### Problem details
Take the lines below from the one with "新品/迅速発送 しっかり素材 ピンク ケーブル編み ジャージニット 半袖 上下セット" through the one with "Amanti Art Upcycled" and retype them exactly. Include nothing else, and no pictures.
═════ Data for this exercise ═════
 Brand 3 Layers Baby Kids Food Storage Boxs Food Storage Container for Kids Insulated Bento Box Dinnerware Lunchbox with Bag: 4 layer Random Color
═════
═════ Data for this exercise ═════
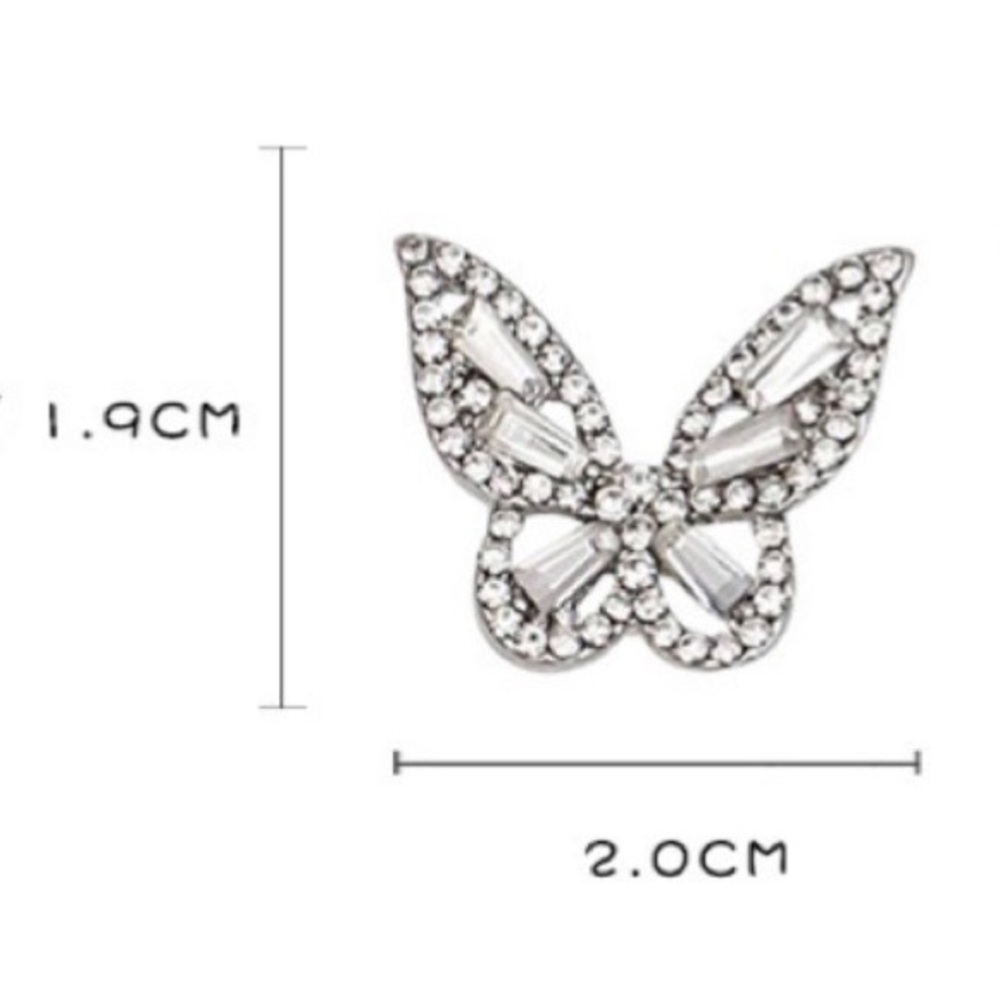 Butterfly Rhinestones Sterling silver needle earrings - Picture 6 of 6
═════
═════ Data for this exercise ═════
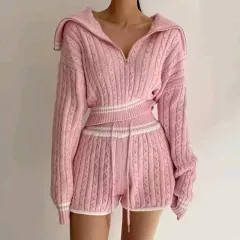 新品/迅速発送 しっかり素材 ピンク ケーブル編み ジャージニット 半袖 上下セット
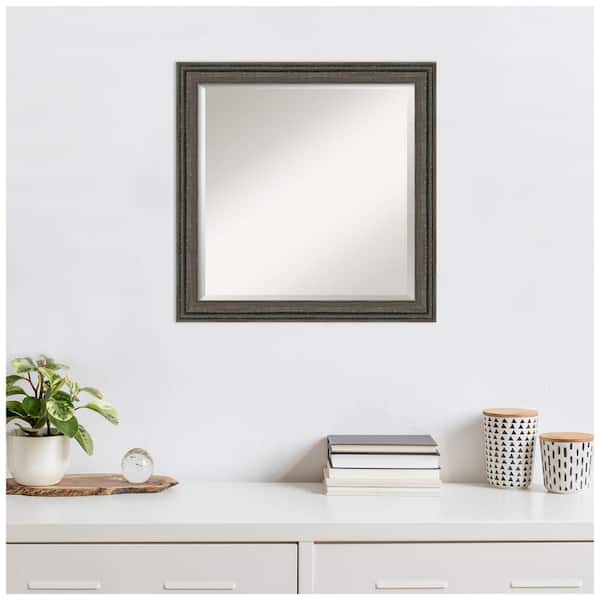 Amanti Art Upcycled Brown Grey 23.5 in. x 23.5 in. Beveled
═════
### Task output
 新品/迅速発送 しっかり素材 ピンク ケーブル編み ジャージニット 半袖 上下セット
 Amanti Art Upcycled Brown Grey 23.5 in. x 23.5 in. Beveled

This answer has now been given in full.